> _WHAT YOU NEED TO DO_: Copy verbatim the span of lines beginning at the line that contains "this 750×430 image." and ending with the final line of the data. Exclude pictures from the copy.

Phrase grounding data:

□ □ □

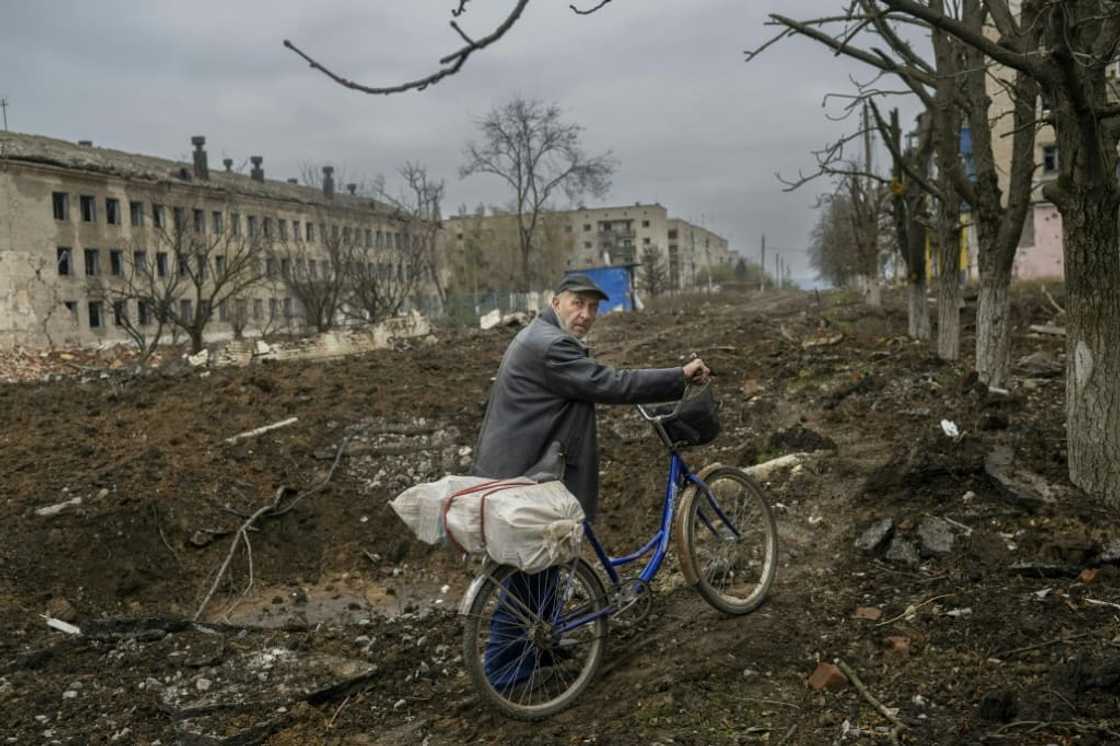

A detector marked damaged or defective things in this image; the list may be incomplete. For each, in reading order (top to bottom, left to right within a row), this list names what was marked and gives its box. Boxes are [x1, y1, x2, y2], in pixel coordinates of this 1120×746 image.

damaged roof [0, 128, 389, 211]
broken window [52, 190, 69, 219]
broken window [79, 194, 95, 220]
damaged building [1, 131, 441, 351]
broken window [84, 246, 100, 275]
broken window [87, 300, 103, 327]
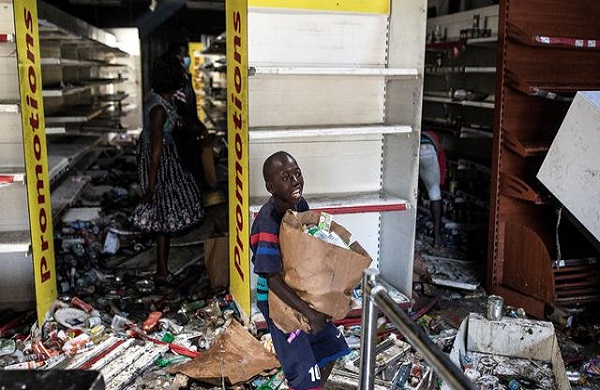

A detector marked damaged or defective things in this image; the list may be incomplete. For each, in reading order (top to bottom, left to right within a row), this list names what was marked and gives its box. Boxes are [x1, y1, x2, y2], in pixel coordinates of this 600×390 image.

torn packaging [270, 210, 372, 332]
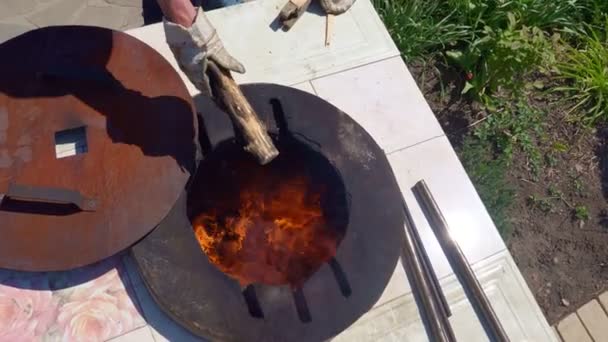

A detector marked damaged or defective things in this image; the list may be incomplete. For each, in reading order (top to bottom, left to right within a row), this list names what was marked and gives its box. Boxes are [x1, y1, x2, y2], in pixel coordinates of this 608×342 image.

rusty metal lid [0, 26, 197, 272]
charred metal surface [0, 26, 197, 272]
charred metal surface [131, 83, 406, 342]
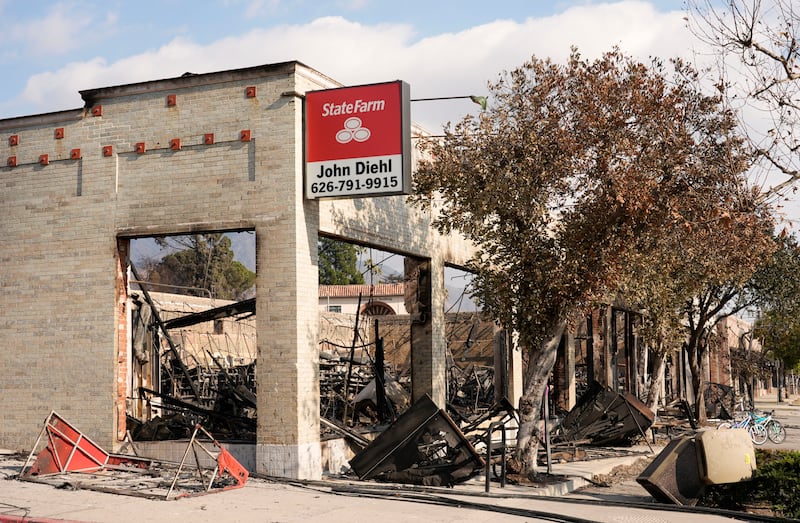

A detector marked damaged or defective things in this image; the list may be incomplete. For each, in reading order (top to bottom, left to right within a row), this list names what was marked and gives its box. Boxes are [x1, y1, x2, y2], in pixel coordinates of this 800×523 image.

burned furniture [21, 412, 247, 502]
burned furniture [348, 398, 482, 488]
burned furniture [552, 380, 652, 446]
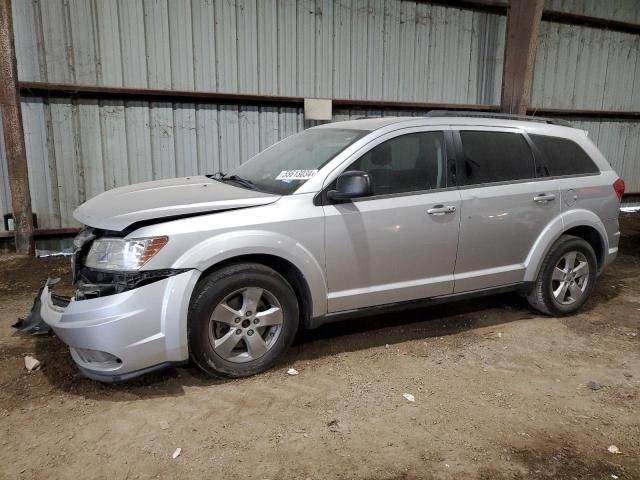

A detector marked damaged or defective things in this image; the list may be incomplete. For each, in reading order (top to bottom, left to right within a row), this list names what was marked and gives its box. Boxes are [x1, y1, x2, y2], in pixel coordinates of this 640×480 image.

broken headlight [84, 237, 168, 272]
crumpled bumper [38, 270, 198, 382]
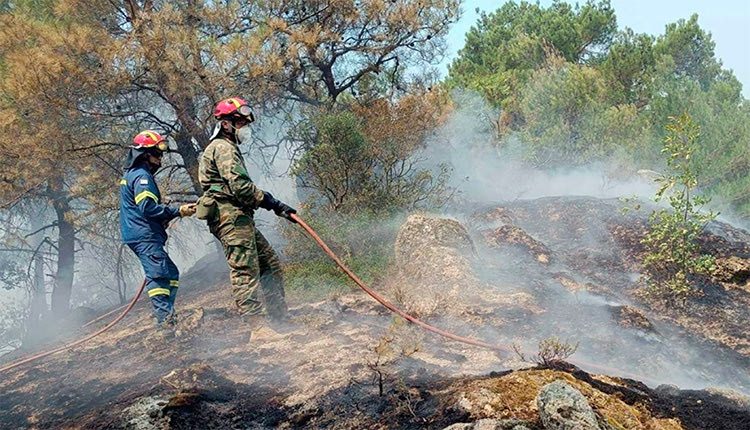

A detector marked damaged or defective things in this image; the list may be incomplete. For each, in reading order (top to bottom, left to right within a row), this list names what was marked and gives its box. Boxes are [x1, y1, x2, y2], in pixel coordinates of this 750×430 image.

burnt rocky terrain [0, 197, 748, 428]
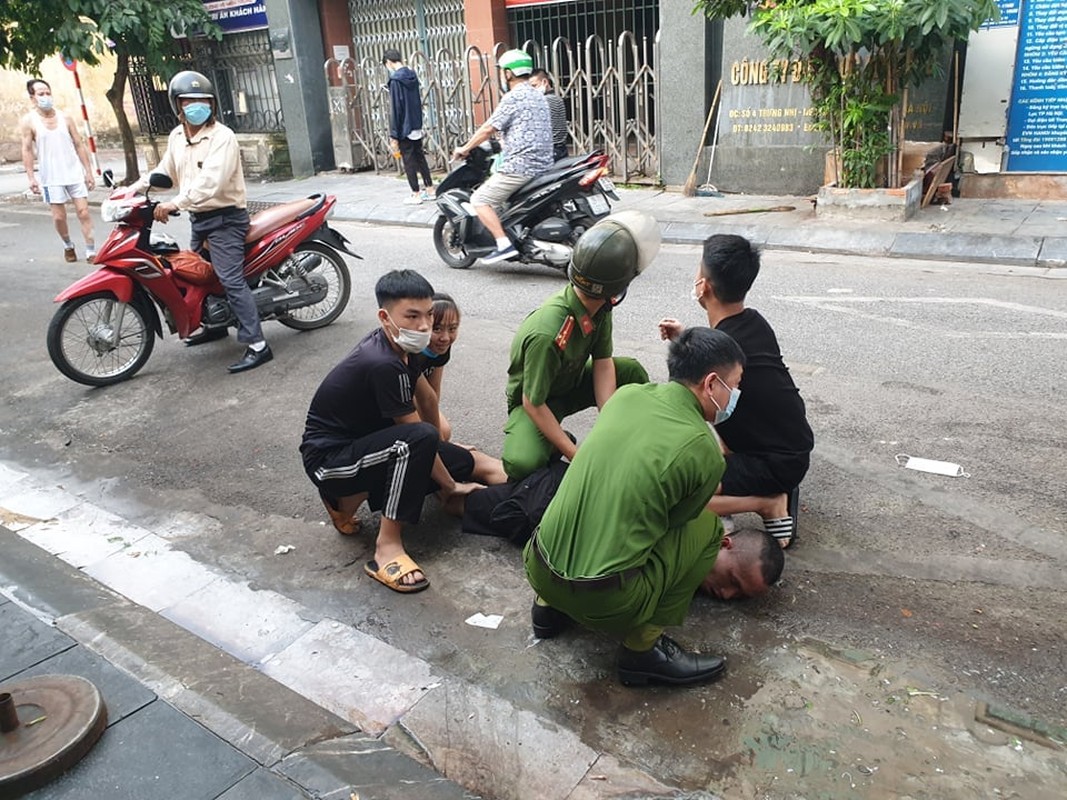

□ □ □

> _ANSWER_:
A detector marked damaged or defective things in this image; the list may be incomplete. For each, in reading order (top to bottom, left to right within a row), this list names what was marked and gives its box. Boxes are [x1, y1, x2, y2], in pixel coordinates of this 750×430 image.

burnt rocky terrain [0, 197, 748, 428]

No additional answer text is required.